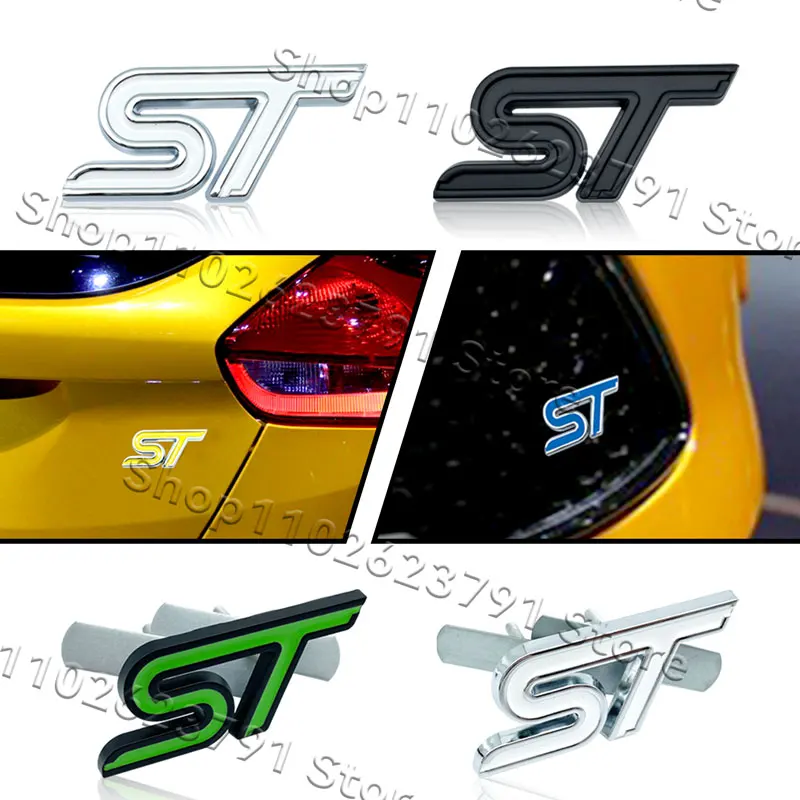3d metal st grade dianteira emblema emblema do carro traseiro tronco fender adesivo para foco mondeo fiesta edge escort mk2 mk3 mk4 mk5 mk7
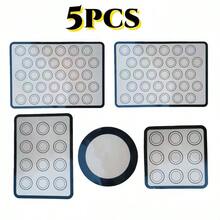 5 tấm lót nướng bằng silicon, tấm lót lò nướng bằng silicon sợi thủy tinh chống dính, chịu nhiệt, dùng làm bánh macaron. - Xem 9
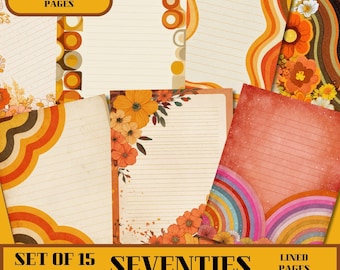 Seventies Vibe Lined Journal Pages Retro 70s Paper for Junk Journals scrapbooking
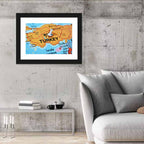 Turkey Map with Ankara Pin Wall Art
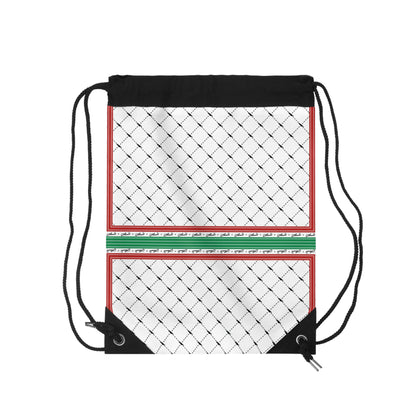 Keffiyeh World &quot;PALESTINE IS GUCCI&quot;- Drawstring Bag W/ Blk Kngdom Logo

--

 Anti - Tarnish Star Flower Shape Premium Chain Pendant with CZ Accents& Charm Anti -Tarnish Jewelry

* * *

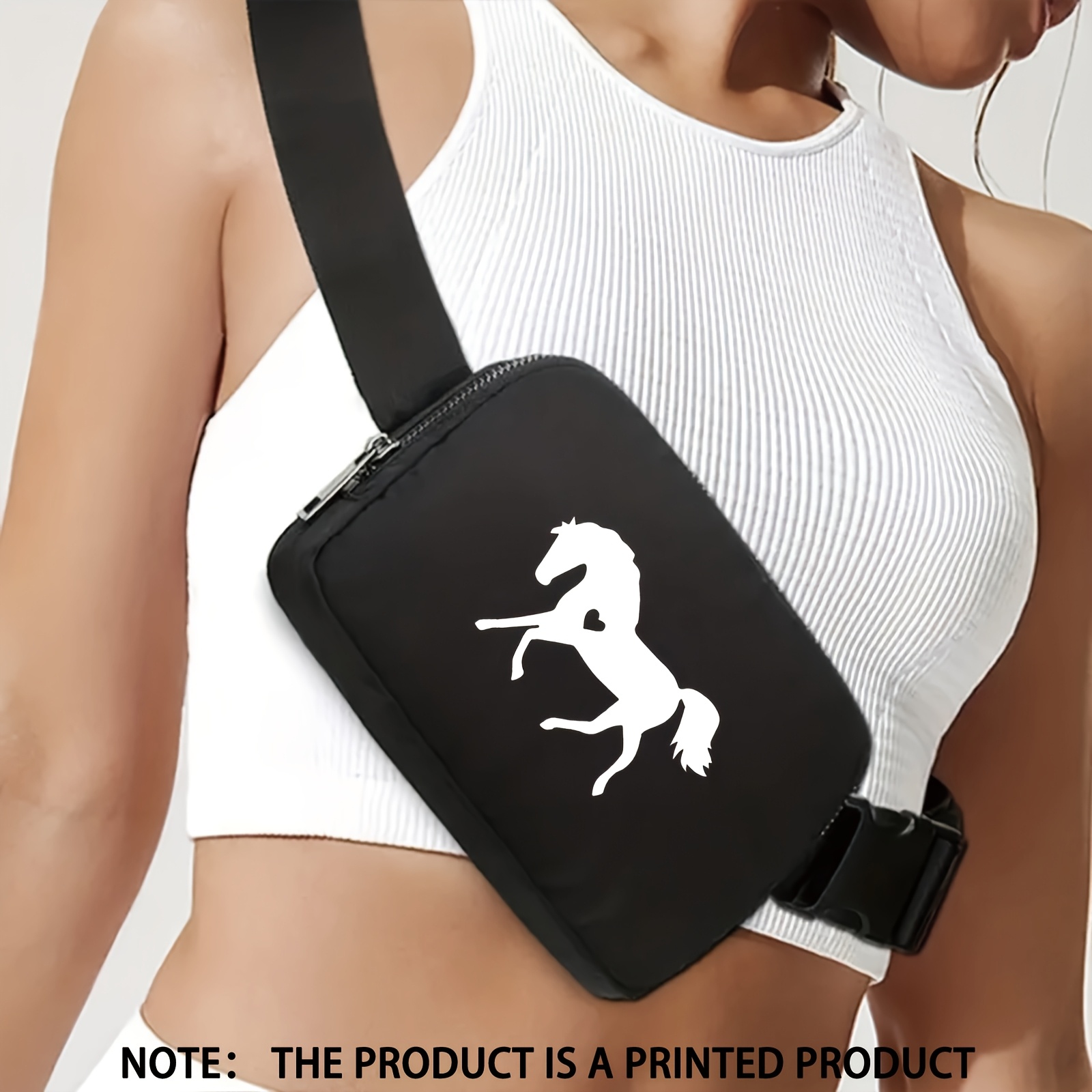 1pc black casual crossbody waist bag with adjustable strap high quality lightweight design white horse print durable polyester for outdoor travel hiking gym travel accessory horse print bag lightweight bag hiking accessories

-- DESCRIPTION OF THE TASK --
The line holding "Seventies Vibe Lined" starts the copy and the line holding "Keffiyeh World &quot;PALESTINE" ends it. Repeat those two lines above and all between them exactly, leaving out pictures.

-- RESPONSE TO THE EXERCISE --
 Seventies Vibe Lined Journal Pages Retro 70s Paper for Junk Journals scrapbooking
 Turkey Map with Ankara Pin Wall Art
 Keffiyeh World &quot;PALESTINE IS GUCCI&quot;- Drawstring Bag W/ Blk Kngdom Logo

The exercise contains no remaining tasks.